Supplied information START
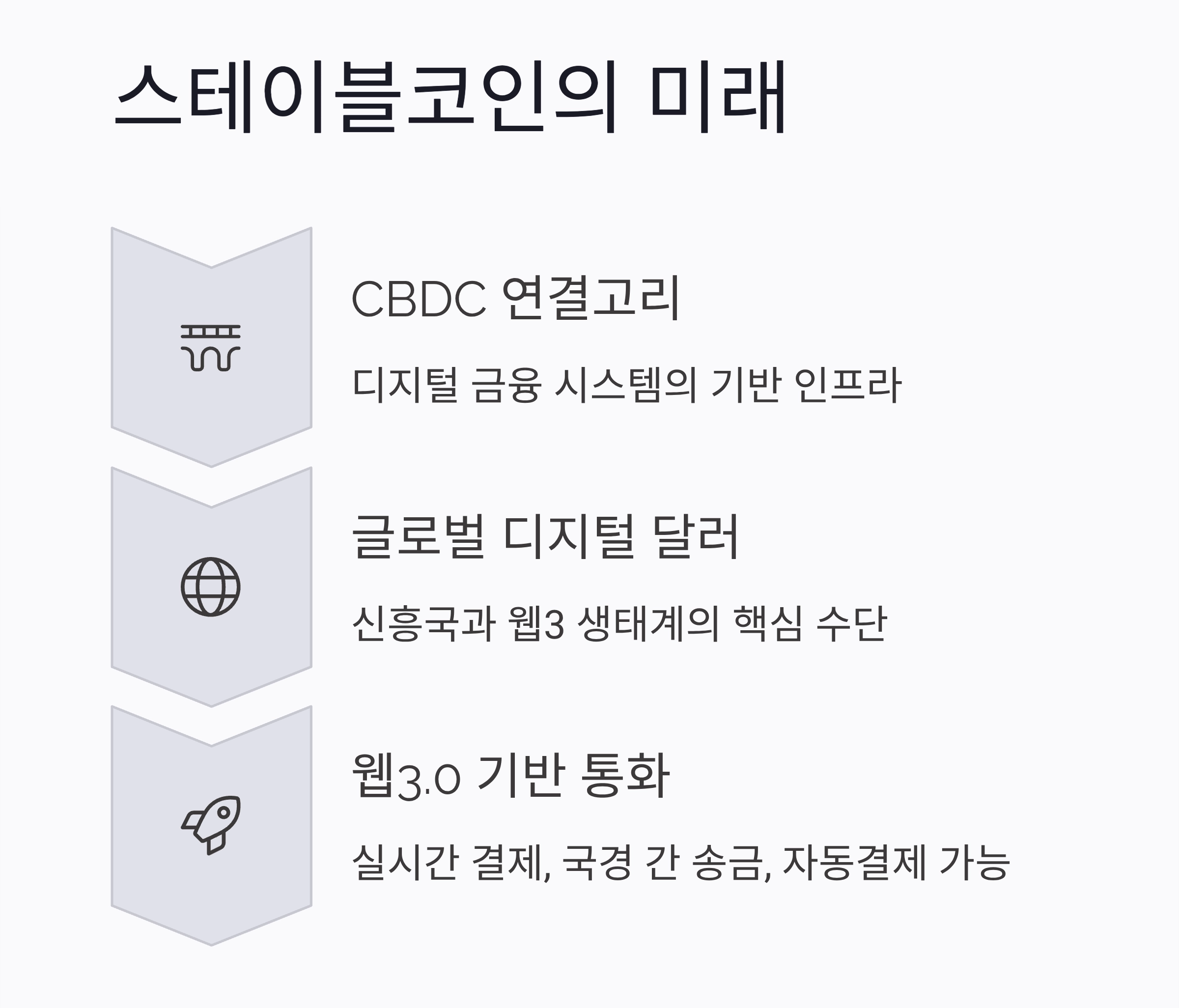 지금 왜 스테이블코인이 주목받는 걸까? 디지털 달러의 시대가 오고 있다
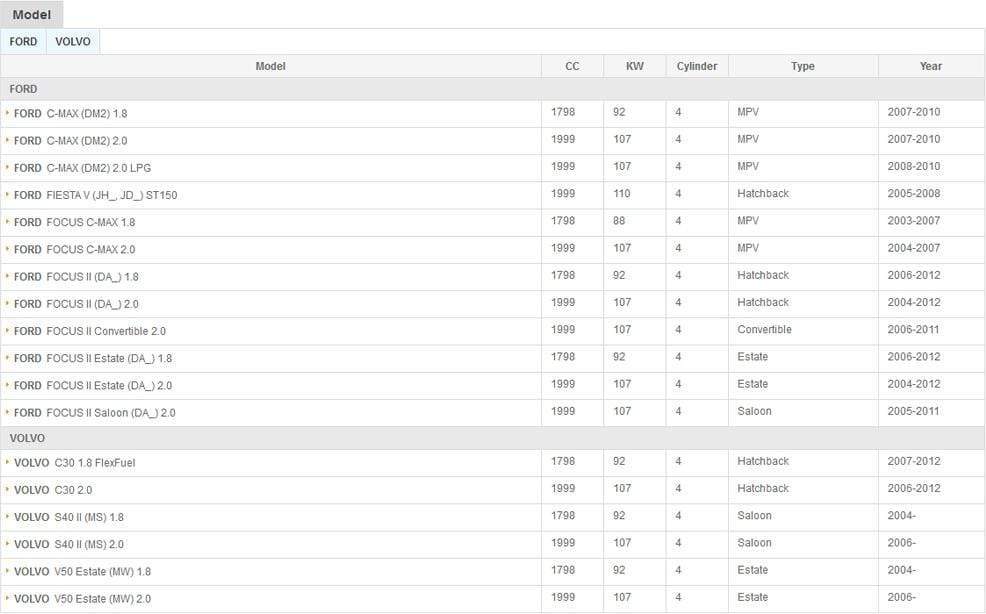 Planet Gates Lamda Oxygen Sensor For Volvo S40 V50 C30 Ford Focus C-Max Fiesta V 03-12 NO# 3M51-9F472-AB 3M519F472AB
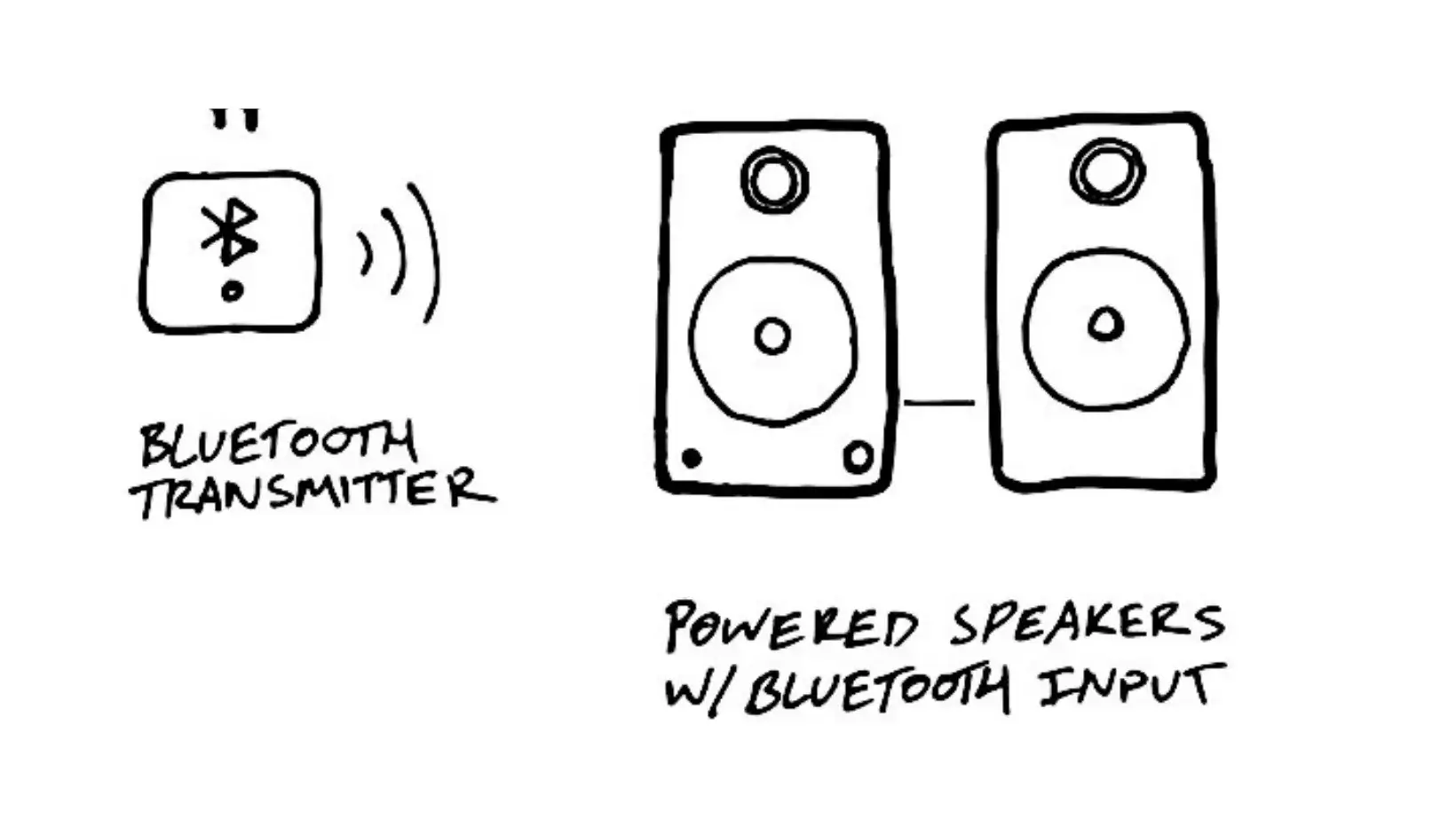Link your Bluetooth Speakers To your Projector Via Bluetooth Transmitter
Supplied information END
Each line above is to be repeated exactly as written; no picture is carried over.

 지금 왜 스테이블코인이 주목받는 걸까? 디지털 달러의 시대가 오고 있다
 Planet Gates Lamda Oxygen Sensor For Volvo S40 V50 C30 Ford Focus C-Max Fiesta V 03-12 NO# 3M51-9F472-AB 3M519F472AB
Link your Bluetooth Speakers To your Projector Via Bluetooth Transmitter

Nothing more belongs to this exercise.